I like this review and think it was very helpful in understanding your (Abram’s) perspective, as well as highlighting some flaws in the original post, and ways that I’d been unclear in communicating my intuitions. In the rest of my comment I’ll try write a synthesis of my intentions for the original post with your comments; I’d be interested in the extent to which you agree or disagree.
We can distinguish between two ways to understand a concept X. For lack of better terminology, I’ll call them “understanding how X functions” and “understanding the nature of X”. I conflated these in the original post in a confusing way.
For example, I’d say that studying how fitness functions would involve looking into the ways in which different components are important for the fitness of existing organisms (e.g. internal organs; circulatory systems; etc). Sometimes you can generalise that knowledge to organisms that don’t yet exist, or even prove things about those components (e.g. there’s probably useful maths connecting graph theory with optimal nerve wiring), but it’s still very grounded in concrete examples. If we thought that we should study how intelligence functions in a similar way as we study how fitness functions, that might look like a combination of cognitive science and machine learning.
By comparison, understanding the nature of X involves performing a conceptual reduction on X by coming up with a theory which is capable of describing X in a more precise or complete way. The pre-theoretic concept of fitness (if it even existed) might have been something like “the number and quality of an organism’s offspring”. Whereas the evolutionary notion of fitness is much more specific, and uses maths to link fitness with other concepts like allele frequency.

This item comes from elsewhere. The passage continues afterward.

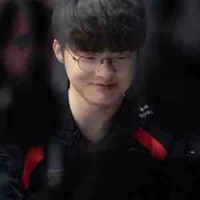 Faker/Hyeoki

Momentum isn’t really a good example to illustrate this distinction, so perhaps we could use another concept from physics, like electricity. We can understand how electricity functions in a lawlike way by understanding the relationship between voltage, resistance and current in a circuit, and so on, even when we don’t know what electricity is. If we thought that we should study how intelligence functions in a similar way as the discoverers of electricity studied how it functions, that might involve doing theoretical RL research. But we also want to understand the nature of electricity (which turns out to be the flow of electrons). Using that knowledge, we can extend our theory of how electricity functions to cases which seem puzzling when we think in terms of voltage, current and resistance in circuits (even if we spend almost all our time still thinking in those terms in practice). This illustrates a more general point: you can understand a lot about how something functions without having a reductionist account of its nature—but not everything. And so in the long term, to understand really well how something functions, you need to understand its nature. (Perhaps understanding how CS algorithms work in practice, versus understanding the conceptual reduction of algorithms to Turing Machines, is another useful example).

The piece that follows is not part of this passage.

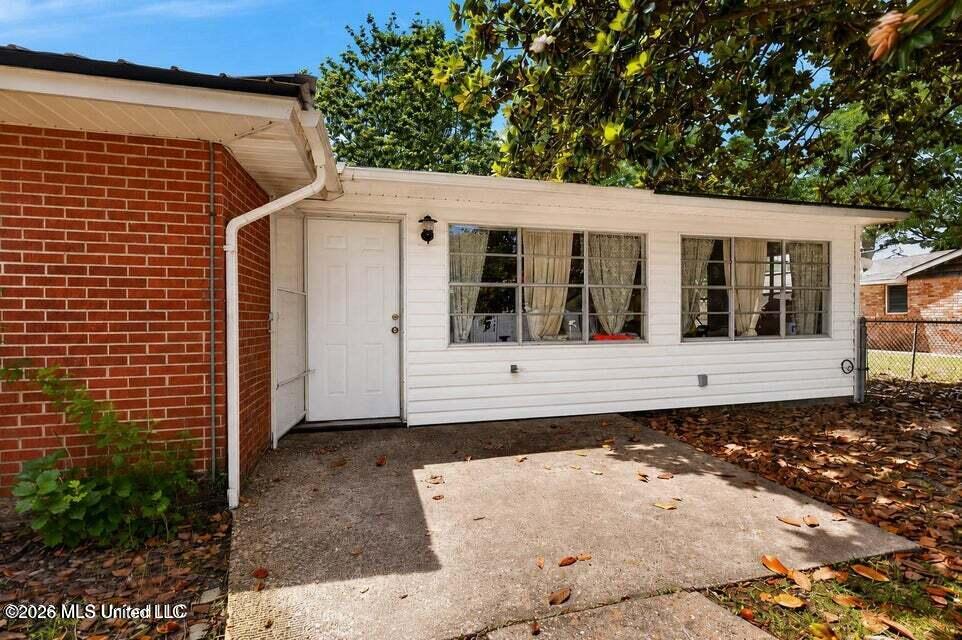 1919 Stuart Avenue Property Photo 27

I had previously thought that MIRI was trying to understand how intelligence functions. What I take from your review is that MIRI is first trying to understand the nature of intelligence. From this perspective, your earlier objection makes much more sense.
However, I still think that there are different ways you might go about understanding the nature of intelligence, and that “something kind of like rationality realism” might be a crux here (as you mention). One way that you might try to understand the nature of intelligence is by doing mathematical analysis of what happens in the limit of increasing intelligence. I interpret work on AIXI, logical inductors, and decision theory as falling into this category. This type of work feels analogous to some of Einstein’s thought experiments about the limit of increasing speed. Would it have worked for discovering evolution? That is, would starting with a pre-theoretic concept of fitness and doing mathematical analysis of its limiting cases (e.g. by thinking about organisms that lived for arbitrarily long, or had arbitrarily large numbers of children) have helped people come up with evolution? I’m not sure. There’s an argument that Malthus did something like this, by looking at long-term population dynamics. But you could also argue that the key insights leading up to the discovery evolution were primarily inspired by specific observations about the organisms around us. And in fact, even knowing evolutionary theory, I don’t think that the extreme cases of fitness even make sense. So I would say that I am not a realist about “perfect fitness”, even though the concept of fitness itself seems fine.

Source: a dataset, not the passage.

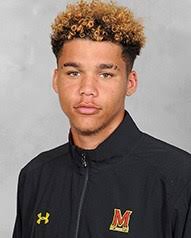 SBI 2019 MLS Draft Big Board (Version 1.0)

So an attempted rephrasing of the point I was originally trying to make, given this new terminology, is something like “if we succeed in finding a theory that tells us the nature of intelligence, it still won’t make much sense in the limit, which is the place where MIRI seems to be primarily studying it (with some exceptions, e.g. your Partial Agency sequence). Instead, the best way to get that theory is to study how intelligence functions.”
The reason I called it “rationality realism” not “intelligence realism” is that rationality has connotations of this limit or ideal existing, whereas intelligence doesn’t. You might say that X is very intelligent, and Y is more intelligent than X, without agreeing that perfect intelligence exists. Whereas when we talk about rationality, there’s usually an assumption that “perfect rationality” exists. I’m not trying to argue that concepts which we can’t formalise “aren’t real”, but rather that some concepts become incoherent when extrapolated a long way, and this tends to occur primarily for concepts which we can’t formalise, and that it’s those incoherent extrapolations like “perfect fitness” which “aren’t real” (I agree that this was quite unclear in the original post).
My proposed redefinition:
The “intelligence is intelligible” hypothesis is about how lawlike the best description of how intelligence functions will turn out to be.
The “realism about rationality” hypothesis is about how well-defined intelligence is in the limit (where I think of the limit of intelligence as “perfect rationality”, and “well-defined” with respect not to our current understanding, but rather with respect to the best understanding of the nature of intelligence we’ll ever discover).
Cool, thanks for those clarifications :) In case it didn’t come through from the previous comments, I wanted to make clear that this seems like exciting work and I’m looking forward to hearing how follow-ups go.
Yes, but the fact that the fragile worlds are much more likely to end in the future is a reason to condition your efforts on being in a robust world.
While I do buy Paul’s argument, I think it’d be very helpful if the various summaries of the interviews with him were edited to make it clear that he’s talking about value-conditioned probabilities rather than unconditional probabilities—since the claim as originally stated feels misleading. (Even if some decision theories only use the former, most people think in terms of the latter).
Some abstractions are heavily determined by the territory. The concept of trees is pretty heavily determined by the territory. Whereas the concept of betrayal is determined by the way that human minds function, which is determined by other people’s abstractions. So while it seems reasonably likely to me that an AI “naturally thinks” in terms of the same low-level abstractions as humans, it thinking in terms of human high-level abstractions seems much less likely, absent some type of safety intervention. Which is particularly important because most of the key human values are very high-level abstractions.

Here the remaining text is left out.